Katherine (Maryland)
@cbahoskie -- have had same issue with Part D for clobetasol -- widely varying prices from multiple hundreds to 80's for one prescription.
Mike (New City)
" Bringing premiums more in line with program spending"? The author really is saying: raising monthly premiums by a huge amount to be paid by the elderly retirees. Why doesn't Mr. Frakt plainly write this? Was raising premiums his position prior to his research, which he used in his paper to justify a previously held belief, possibly rooted in a political viewpoint?
me (US)
@Mike Raising Medicare premiums by a huge amount would be genocide, unless SS benefits increased by the same amount.
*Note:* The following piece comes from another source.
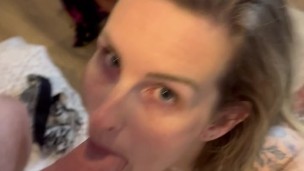 I asked him to come home early from work because I wanted sperm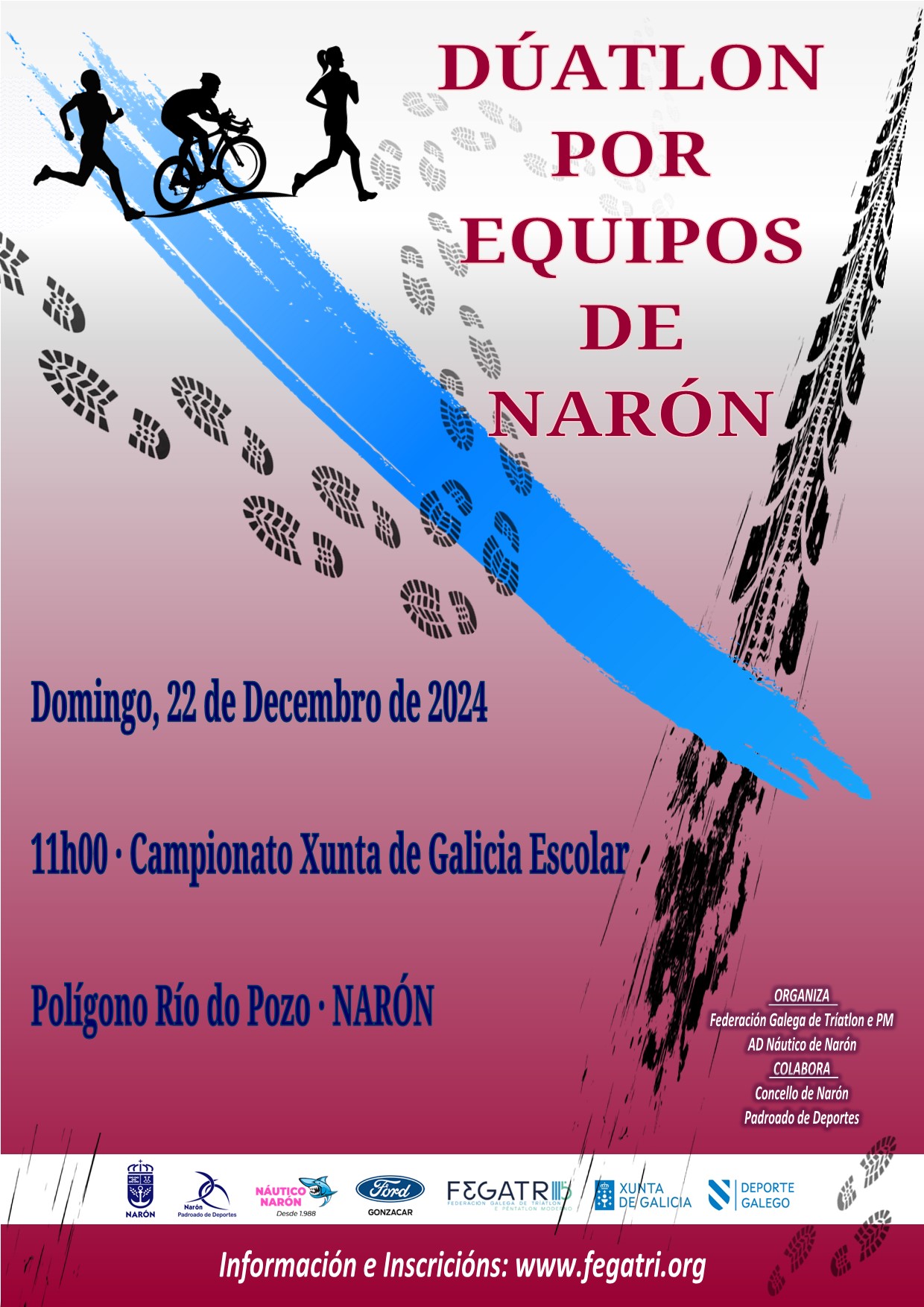 Cartaz Dúatlon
Alicia Lloyd (Taipei, Taiwan)
Then, of course, looking more long-term, we could look at reforming how drug research and manufacture are funded. The goal is to produce medications for as many conditions as needed at as reasonable a cost as possible. Government could provide research funding to universities and other research centers, with contracts for the production of the resulting drugs awarded through a bidding process involving both cost and quality. I remember how Big Pharma was not interested in Zika, seen as affecting only poor people, but in a few months university researchers had found out how the virus affected fetuses and how a vaccine could be developed. No money had to be spent buying off Congress, and no one cared whether hedge fund investors would get a huge return on their investment. Human suffering would be diminished and human health increased, the measures that really count.
Bang Ding Ow (27514)
@Alicia Lloyd The Bernie Sanders crowd here, they deserve the best of their work. Let them create their own "single payer" system, and fund per-capita. And others can keep theirs. And IMHO, within a year, like how the BHO "public option" cooperatives went bankrupt, the Bernie Sanders systems would go bankrupt .. due to poor financial skills. I hope they get what they want. Because they deserve it.
Valerie (Miami)
@Bang Ding Ow: Prior to the passage of the ACA, President Obama took public options off the table in a show of compromise with Republicans. As such, your post is patently false. As for the jabs at Bernie Sanders throughout this forum, I don’t get people like you, who can only manage to respond with jeers and taunts, instead of a reasoned argument supported by credible, verifiable data. It’s as tiresome as it is childish.